When you say "virtual environments" what do you mean? 

With "containers" or Solaris zones you have a very lightweight virtualized runtime environment where each container uses teh same OS kernel, with separation being really just a chroot combined with a cgroup. Performance tuning is no different than a native environment.

With a hypervisor setup (Xen, Virtual Box, etc) you have the coarse-grained Xen scheduler taking the place of the OS scheduler. This is great mainstream technology. Electronic trading is not a mainstream use case. It shouldn't be a surprise that a mainstream platform doesn't fit a low latency use case. 
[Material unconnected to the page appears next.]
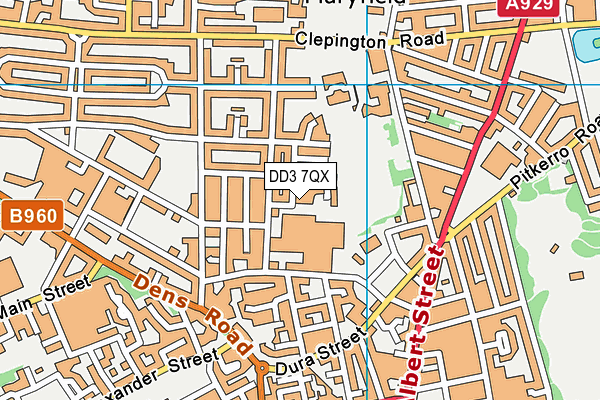 DD3 7QX map - OS VectorMap District (Ordnance Survey)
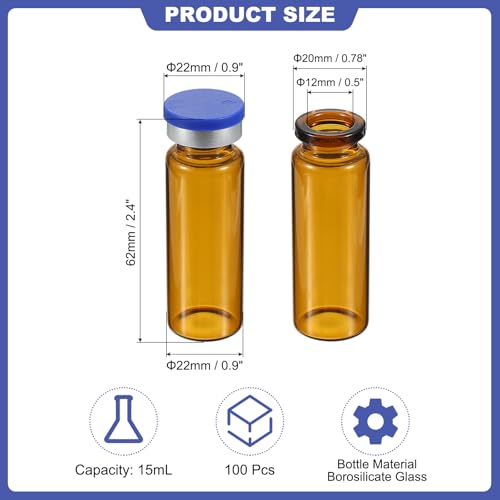 PATIKIL 15ml Sample Vials, 100 Pack Lab Empty Vials with Butyl Rubber Stopper Crimp Top Caps and Labels Borosilicate Glass Vial, Amber - color: Amber, size: 15ml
It’s a hypervisor setup and I agree with you totally, I just have no say in the matter. I was not consulted before we moved to virtual and I have even less influence now.

/Erik



My two cents.

Peter


 


On Tuesday, March 28, 2017 at 8:46:03 AM UTC-4, Erik Svensson wrote:
Howdy guys!

My journey into mystification with virtual environments continues.

We have a number of market data feeds from a number of markets. Each market feed is running on its own virtual host.
I’m keeping an eye of gc logs and such.
One thing I noticed after a while is that kernel time seems to grow over time, eventually exceeding user time. If you reboot the machine it goes back to ‘normal’ and then starts over again.
I have never seen this behaviour with physical hw.

Does this ring a bell with anyone? Right now I’m thinking about rebooting the virtual hosts every weekend but that is an unsatisfactory solution.